Editor's note: This story has been updated throughout. 

The University of Texas System Board of Regents will allow member Wallace Hall to review data and documents collected during an investigation into outside influence on UT-Austin admissions. But in approving the request, Hall’s colleagues warned him about overstepping his bounds and pursuing lone-wolf investigations. 

The decision came during a contentious, hour-long telephone meeting in which Hall’s request for information was the only item discussed. A majority of the regents voted against turning over the records to Hall, but board policy only requires two regents to sign off. 

Hall said he wants to review the information because it can help him make future decisions about admissions. But other members questioned whether Hall was opening up his own investigation after Chancellor Bill McRaven declared the old one complete. That would usurp McRaven’s authority, they said. 

McRaven agreed, hinting that he was uncomfortable with Hall wading back into a closed investigation. 

“If the expectation is that every time I make a decision as a CEO that a single regent or two can trump that decision, then I need to rethink this relationship with this board,” McRaven said. 

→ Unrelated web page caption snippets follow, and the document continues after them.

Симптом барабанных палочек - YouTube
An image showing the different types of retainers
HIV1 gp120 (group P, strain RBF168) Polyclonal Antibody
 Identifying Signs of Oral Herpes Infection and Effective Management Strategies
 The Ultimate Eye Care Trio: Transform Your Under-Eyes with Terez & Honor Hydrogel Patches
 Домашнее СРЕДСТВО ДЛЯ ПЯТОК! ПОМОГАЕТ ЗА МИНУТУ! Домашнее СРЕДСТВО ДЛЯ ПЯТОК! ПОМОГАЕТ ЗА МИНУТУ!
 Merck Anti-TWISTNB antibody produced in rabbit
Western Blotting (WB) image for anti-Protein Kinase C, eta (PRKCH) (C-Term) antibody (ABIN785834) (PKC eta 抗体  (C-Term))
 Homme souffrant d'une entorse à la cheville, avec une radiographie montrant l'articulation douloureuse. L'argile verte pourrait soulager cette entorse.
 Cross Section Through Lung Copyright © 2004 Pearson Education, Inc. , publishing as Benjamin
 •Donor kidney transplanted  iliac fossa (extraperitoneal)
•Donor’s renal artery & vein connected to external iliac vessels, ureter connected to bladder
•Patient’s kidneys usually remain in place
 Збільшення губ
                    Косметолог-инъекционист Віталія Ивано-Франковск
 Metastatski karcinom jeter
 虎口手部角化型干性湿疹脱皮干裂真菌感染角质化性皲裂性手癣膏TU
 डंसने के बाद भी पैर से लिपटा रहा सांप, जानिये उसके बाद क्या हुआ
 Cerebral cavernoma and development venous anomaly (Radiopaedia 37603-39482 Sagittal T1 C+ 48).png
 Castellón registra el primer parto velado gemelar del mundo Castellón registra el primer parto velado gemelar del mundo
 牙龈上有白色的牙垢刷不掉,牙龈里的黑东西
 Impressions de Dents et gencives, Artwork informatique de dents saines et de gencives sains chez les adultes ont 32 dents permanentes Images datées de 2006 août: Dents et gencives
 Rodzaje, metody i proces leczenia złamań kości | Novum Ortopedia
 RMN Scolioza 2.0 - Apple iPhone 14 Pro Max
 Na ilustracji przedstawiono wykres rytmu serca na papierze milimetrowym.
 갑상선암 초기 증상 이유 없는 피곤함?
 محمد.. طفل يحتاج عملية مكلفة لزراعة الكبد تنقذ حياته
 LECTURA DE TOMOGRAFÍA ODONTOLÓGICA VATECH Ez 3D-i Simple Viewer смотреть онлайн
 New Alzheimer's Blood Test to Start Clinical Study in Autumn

Hall argued that he is simply doing his due diligence as a regent. Nothing he is asking for is out of bounds, he said. 

“The repeated pushback that I have received for simply wanting to review documents and ask questions is unprecedented,” he said. “I don’t know what we’re afraid of.”

Accusations that Hall is overreaching are nothing new. Hall’s requests for information have been a source of controversy at the UT System for years. UT-Austin employees have generated hundreds of thousands of pages of documents to comply. Some of those pages included confidential student information. 

Hall's information requests have led to an impeachment effort, inquiries by a grand jury and calls for his resignation. (He was neither impeached nor indicted.) 

Now, Hall is seeking “any and all information, confidential or otherwise,” related to an inquiry that revealed that UT-Austin president Bill Powers helped get some students into college over the admissions office’s objections.

He also asked to speak with one of the employees of Kroll Associates, the firm that produced the report. The board denied that request. 

Under a Board of Regents policy approved last year, requests for information are supposed to be sent to the chancellor, who then reviews them with the board chairman. If they have concerns, the request goes to the full board for a vote.

But with only two regents needed to sign off, the six-member majority that opposed Hall lost the vote. Some of the people on the losing end said during the meeting that they'd like to change the policy. 

"I find it a little bit unsettling that, if the recommendation of the chairman and the chancellor is one thing, it only takes two votes to overrule that," said Vice Chairman Steve Hicks.  

Under an agreement reached during the meeting, Hall will be allowed to review the documents at system offices. That arrangement was made to ensure that none of the information is leaked to the press, something many regents said they were worried about. 

One issue was left undecided: System lawyers will determine whether Hall will be allowed to review confidential student information. Hall said he’d like to review everything, but some regents, including Chairman Paul Foster, disapproved of that idea. 

The accessibility of that student information may turn out to be an important question. The Kroll report mentioned 73 students who were admitted with an SAT score of less than 1100 and a high school GPA of less than 2.9. The report said that political connections “may have influenced the admission decision in a small number of cases.” But specific names of the students or political influencers weren’t made public. 

Hall has expressed interest in their identity. In a statement last week, he said that “those exposed for their abuses should be driven from office.”

Disclosure: Steve Hicks is a major donor to The Texas Tribune. The University of Texas at Austin is a corporate sponsor of The Texas Tribune. Paul Foster has been a major donor to the Tribune. A complete list of Tribune donors and sponsors can be viewed here.